Are global trade deals now dead? Depends on who you listen to. There's one school that thinks Trump's bullying may spur the rise of defensive trade pacts, deals that don't include the United States, but seek to offset any trade damage that Trumpland chooses to inflict. We'll see.

Now it's rarely mentioned by TPP friends or foes but the Trans Pacific Partnership is about much more than trade. Look at the countries who are "in" the deal and the nation that is decidedly "out." The omission is glaring. It's China.

The TPP was always intended to isolate China, to contain China, to ostracize it from its neighbours.

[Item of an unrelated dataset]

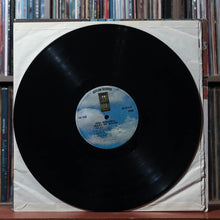Load image into Gallery viewer, Joni Mitchell, The L.A. Express - Miles Of Aisles - 2LP 1974 Asylum, VG/VG 4
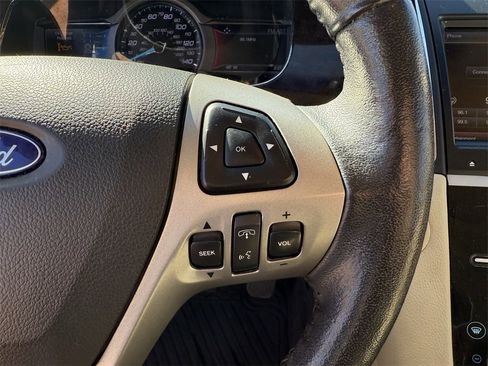 Used 2015 Ford Taurus Limited w/ Equipment Group 301A image 15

This "Pacific century" seems to boil down, so far, to enforcing an already embattled TPP. Bantarto Bandoro, from the Indonesian Defense University, seemed to get closer to the real picture when he told the Jakarta Globe, "this could be the beginning of the end of American global dominance."

Not for nothing did this impassioned plea for the TPP come from a retired, four star US Navy admiral, Jim Stavridis who likened a defeat of the pact as akin to an American Brexit.

The case for the TPP is economically strong, but the geopolitical logic is even more compelling. The deal is one that China will have great difficulty accepting, as it would put Beijing outside a virtuous circle of allies, partners, and friends on both sides of the Pacific. Frankly, that is a good place to keep China from the perspective of the United States, and the treaty thus brings together not only Japan, Australia, Malaysia, Vietnam, and other Asian partners, but also Chile, Mexico, Canada, and Peru. 

Stavridis argument for the TPP is threefold: 1. China is on the march in Asia. 2. This is a moment of real vulnerability for many Asian nations. 3. Sending US aircraft carriers into the region is not enough.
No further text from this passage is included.